1.. SPDX-License-Identifier: GPL-2.0
2
3======
4Design
5======
6
7Configurable Layers
8===================
9
10DAMON provides data access monitoring functionality while making the accuracy
11and the overhead controllable.  The fundamental access monitorings require
12primitives that dependent on and optimized for the target address space.  On
13the other hand, the accuracy and overhead tradeoff mechanism, which is the core
14of DAMON, is in the pure logic space.  DAMON separates the two parts in
15different layers and defines its interface to allow various low level
16primitives implementations configurable with the core logic.
17
18Due to this separated design and the configurable interface, users can extend
19DAMON for any address space by configuring the core logics with appropriate low
20level primitive implementations.  If appropriate one is not provided, users can
21implement the primitives on their own.
22
23For example, physical memory, virtual memory, swap space, those for specific
24processes, NUMA nodes, files, and backing memory devices would be supportable.
25Also, if some architectures or devices support special optimized access check
26primitives, those will be easily configurable.
27
28
29Reference Implementations of Address Space Specific Primitives
30==============================================================
31
32The low level primitives for the fundamental access monitoring are defined in
33two parts:
34
351. Identification of the monitoring target address range for the address space.

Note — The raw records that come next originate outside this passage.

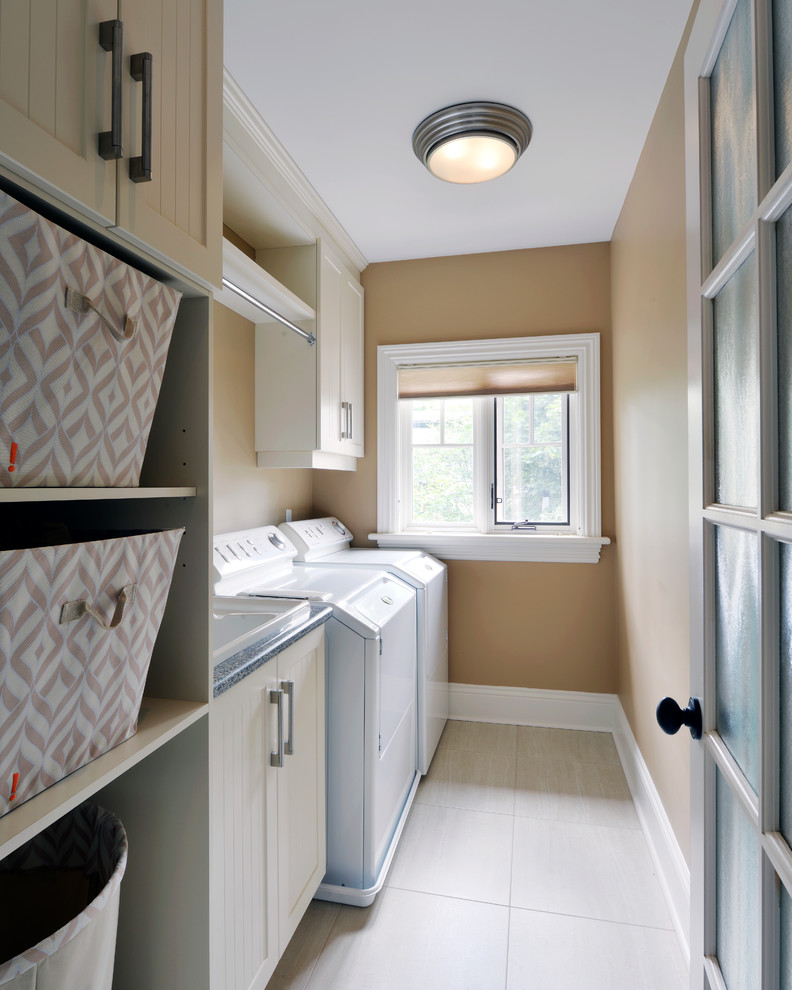 Inspiration for a traditional laundry room in Ottawa.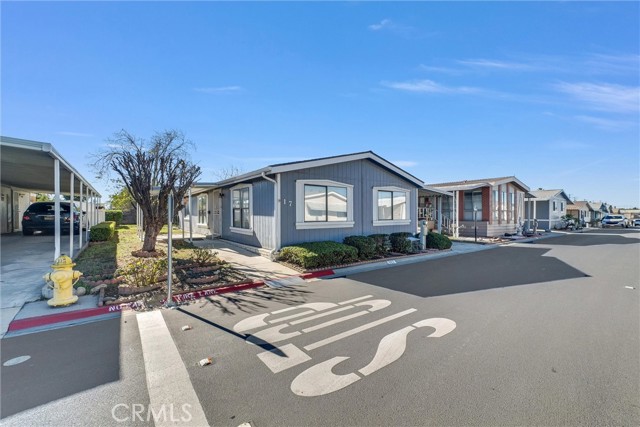 Detail Gallery Image 3 of 40 For 1010 Terrace #17,  San Bernardino,  CA 92410 - 2 Beds | 2 Baths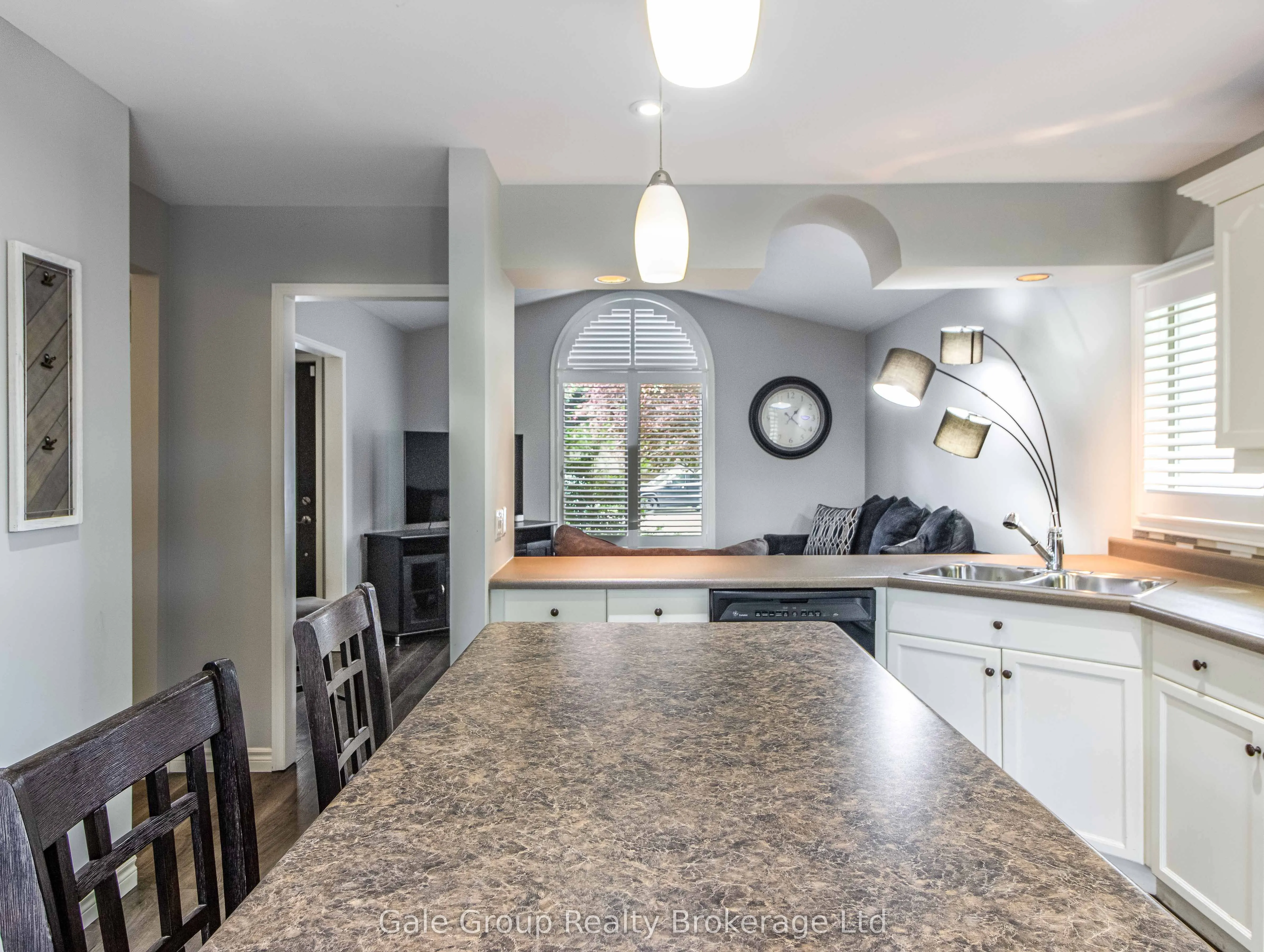 55 Sioux Crescent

362. Access check of specific address range in the target space.
37
38DAMON currently provides the implementations of the primitives for the physical
39and virtual address spaces. Below two subsections describe how those work.
40
41
42VMA-based Target Address Range Construction
43-------------------------------------------
44
45This is only for the virtual address space primitives implementation.  That for
46the physical address space simply asks users to manually set the monitoring
47target address ranges.
48
49Only small parts in the super-huge virtual address space of the processes are
50mapped to the physical memory and accessed.  Thus, tracking the unmapped
51address regions is just wasteful.  However, because DAMON can deal with some
52level of noise using the adaptive regions adjustment mechanism, tracking every
53mapping is not strictly required but could even incur a high overhead in some
54cases.  That said, too huge unmapped areas inside the monitoring target should
55be removed to not take the time for the adaptive mechanism.
56
57For the reason, this implementation converts the complex mappings to three
58distinct regions that cover every mapped area of the address space.  The two
59gaps between the three regions are the two biggest unmapped areas in the given
60address space.  The two biggest unmapped areas would be the gap between the
61heap and the uppermost mmap()-ed region, and the gap between the lowermost
62mmap()-ed region and the stack in most of the cases.  Because these gaps are
63exceptionally huge in usual address spaces, excluding these will be sufficient
64to make a reasonable trade-off.  Below shows this in detail::
65
66    <heap>
67    <BIG UNMAPPED REGION 1>
68    <uppermost mmap()-ed region>
69    (small mmap()-ed regions and munmap()-ed regions)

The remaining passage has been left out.